- **STORED DATA**:
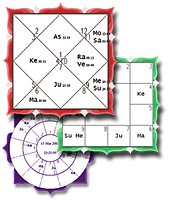 Jyotish Chart Screenshots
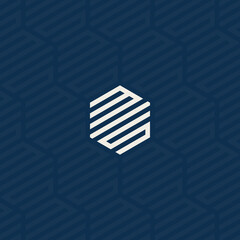 MIS hexagonal logo with background pattern design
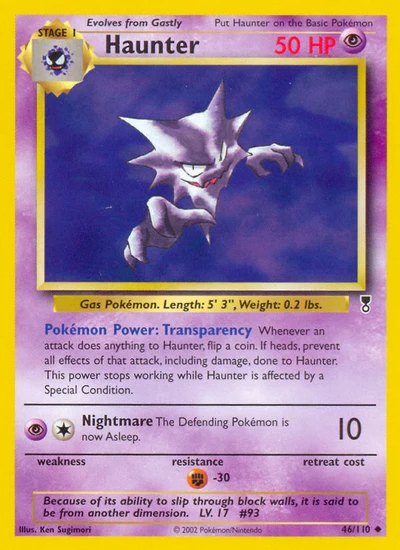 Haunter – Legendary Collection nr 046/110 (Standard)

- **DESCRIPTION OF THE TASK**:
The entire listing is to be printed exactly, with each picture omitted.

- **YOUR RESPONSE**:
 Jyotish Chart Screenshots
 MIS hexagonal logo with background pattern design
 Haunter – Legendary Collection nr 046/110 (Standard)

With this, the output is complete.